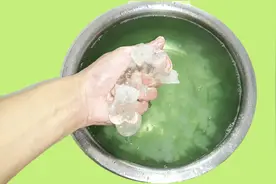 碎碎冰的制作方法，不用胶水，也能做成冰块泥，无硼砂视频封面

* * *

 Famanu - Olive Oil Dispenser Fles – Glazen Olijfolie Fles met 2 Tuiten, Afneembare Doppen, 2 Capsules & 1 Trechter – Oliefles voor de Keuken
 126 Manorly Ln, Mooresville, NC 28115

---

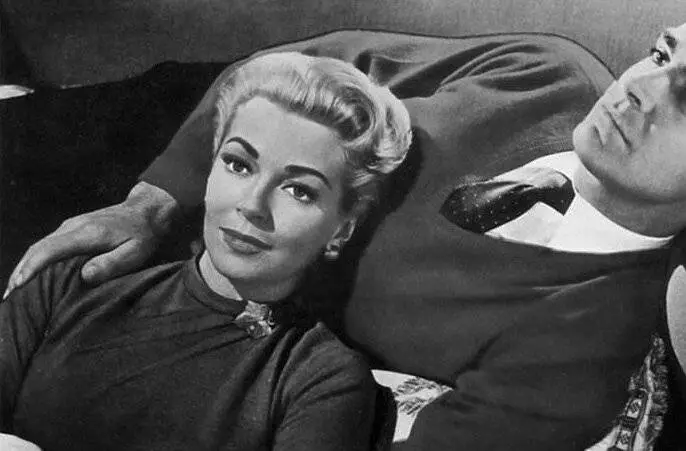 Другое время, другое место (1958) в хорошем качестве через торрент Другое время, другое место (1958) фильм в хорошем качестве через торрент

> _Work instructions_
Would you output, from the records above, exactly the run of lines that starts at the line containing "Famanu - Olive" and ends at the line containing "126 Manorly Ln, Mooresville, NC 28115", and only that run?

> _Answer to this problem_
 Famanu - Olive Oil Dispenser Fles – Glazen Olijfolie Fles met 2 Tuiten, Afneembare Doppen, 2 Capsules & 1 Trechter – Oliefles voor de Keuken
 126 Manorly Ln, Mooresville, NC 28115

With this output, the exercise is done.